El jazz y sus derivas me llevan acompañando media vida, desde que yo andaba por Madrid compartiendo mi soledad con los fantasmas de una ciudad que mezcla disparos con saliva y calamares con azúcar. Recuerdo una noche de lluvia, buscando un sitio abierto para comprar tabaco, cuando conocí a una mujer cuyo nombre el tiempo ha borrado, pero no su memoria ni su voz, pues cantaba “Sophisticated Lady” susurrando al micrófono al estilo de Ella Fitzgerald. 

Fue en un club de jazz que había cerca de la Castellana y que ya no existe, pero que siempre llevaré en mi recuerdo por haber sido el lugar donde nos conocimos. Ella cantaba sobre el escenario,  mientras yo ponía a secar mi gabardina en el respaldo de una silla. Después de la función, le pedí al camarero que, por favor, le sirviese una copa. Ella no tardó en darme las gracias y, con un gesto de su mano, me indicó que nos sentásemos en lo oscuro. “No necesitamos más luz que la del fuego de nuestros cuerpos”, me musitó al oído. 

Ahora me vienen a la cabeza estas cosas, cuando leo que El Molino, el mítico cabaret de Barcelona, va a volver a abrir sus puertas y sobre su escenario actuarán músicos y cantantes de jazz.
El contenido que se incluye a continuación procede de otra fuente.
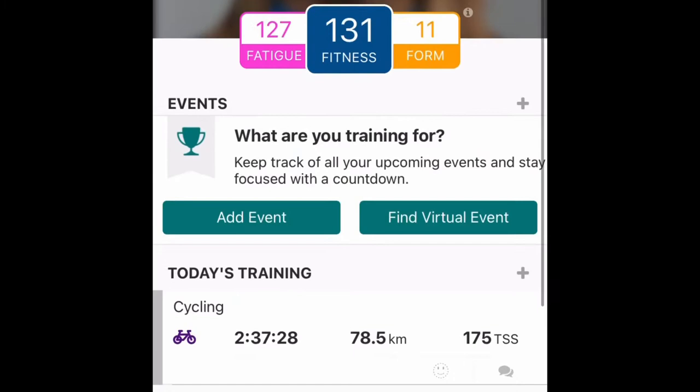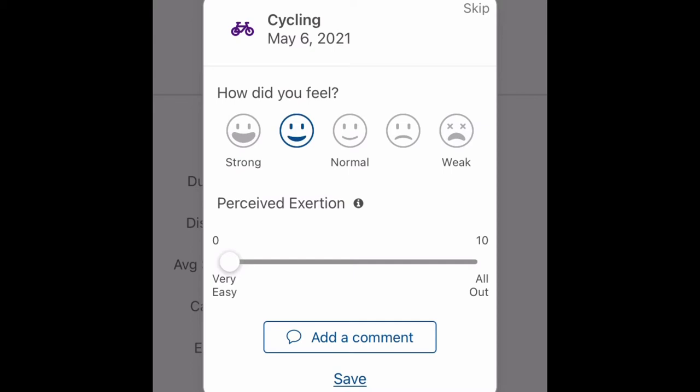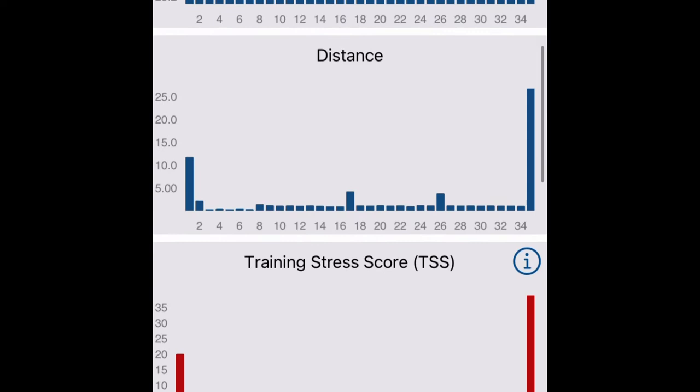The way that I write out my workouts is a little bit old school — you saw that earlier on the duct tape. But the way that I plan my training, track it, and analyze the workouts, that's not so old school, and this is what I use TrainingPeaks for.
Siempre supe que las ciudades necesitan este tipo de garitos,  locales de música en directo donde un saxo encienda el fuego que media entre el asfalto de la calle y el cementerio. Escasean los sitios  que den cobijo a los corazones faltos de cariño, barras de bar donde permitan aflojarse el nudo de la corbata, mientras una cantante de jazz revuelve la memoria y el deseo.  
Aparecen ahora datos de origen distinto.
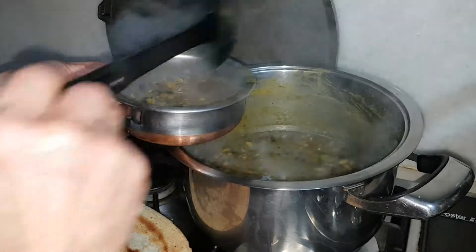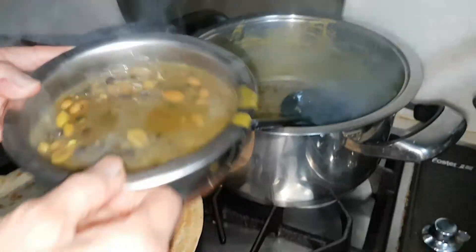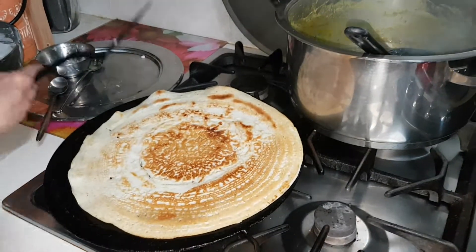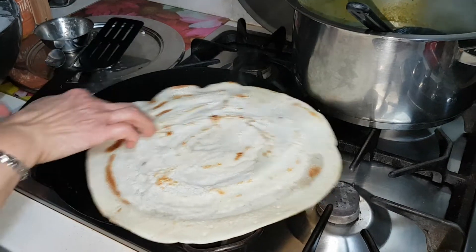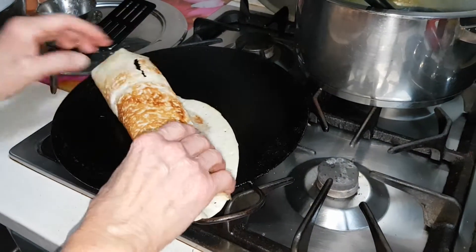Hi, I'm Nancy from CookingNancy's channel. I'm just dishing up a very nice hot curry, beans curry, and now I have this paper dosa which I've just made and it's just ready for me to roll and serve.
Cuando ya no sea posible dar marcha atrás y el  aliento huela a mentira, lo mejor es deshilachar las notas de una vida entregada al absurdo de vivir para trabajar. Sin duda, el jazz es la mecha que te puede empujar a dejarlo todo. A mí me sucedió, ya digo, cuando conocí a aquella mujer que cantaba como Ella Fitzgerald y que me alivió el peso de la lluvia enseñándome que los placeres  son tan parecidos a los delitos que, a veces, llegan a confundirse. Esto último lo aprendí dejando que me llenara la boca de humo. 
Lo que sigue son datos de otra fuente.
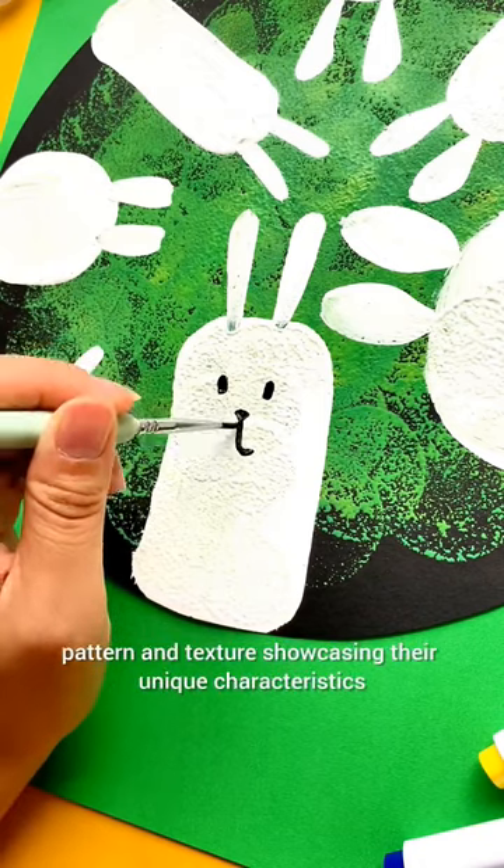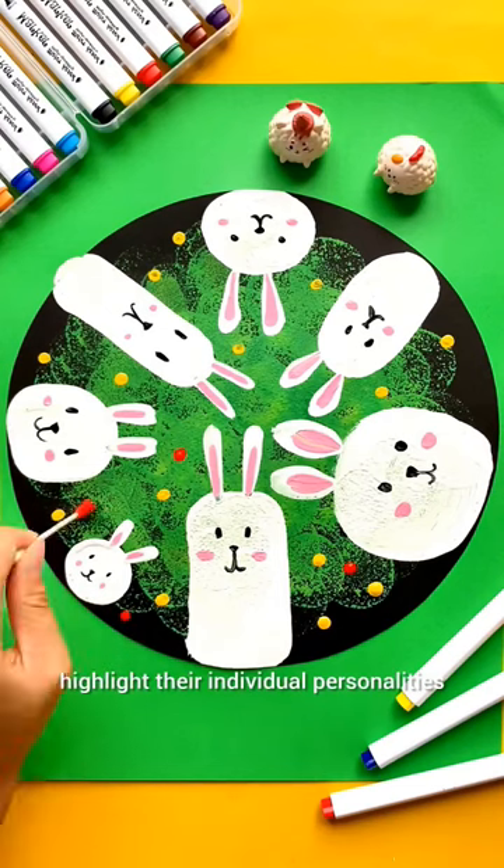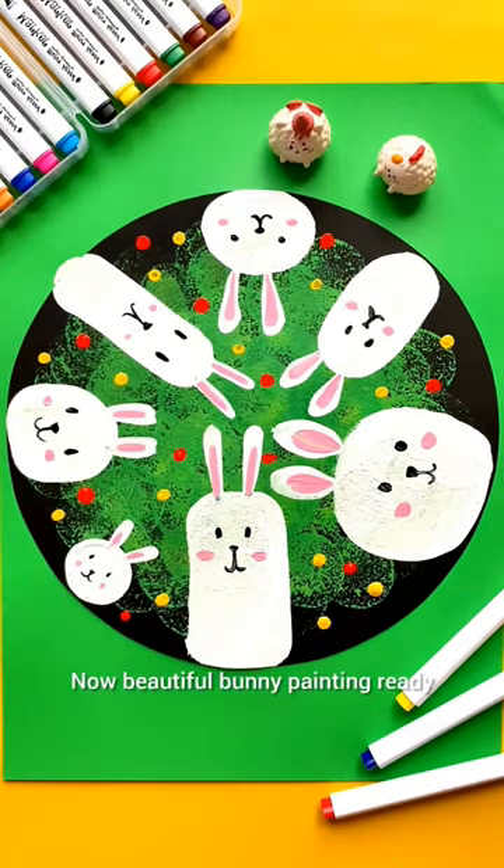Showcase their unique characteristics and highlight their individual personalities. Now the beautiful bunny painting is ready.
Hasta aquella noche no supe que el alma se encontraba en los pulmones, y que el jazz es el mejor alimento para la gente que todavía se atreve a soñar que alguna noche de estas vivirá  una bella historia de amor donde aparezca la música de Chet Baker envolviendo la penumbra adecuada; un exceso literario entre dos cuerpos que muy pronto van a decirse adiós, lo que tarde el último tren en aparecer con la agonizante luz del crepúsculo.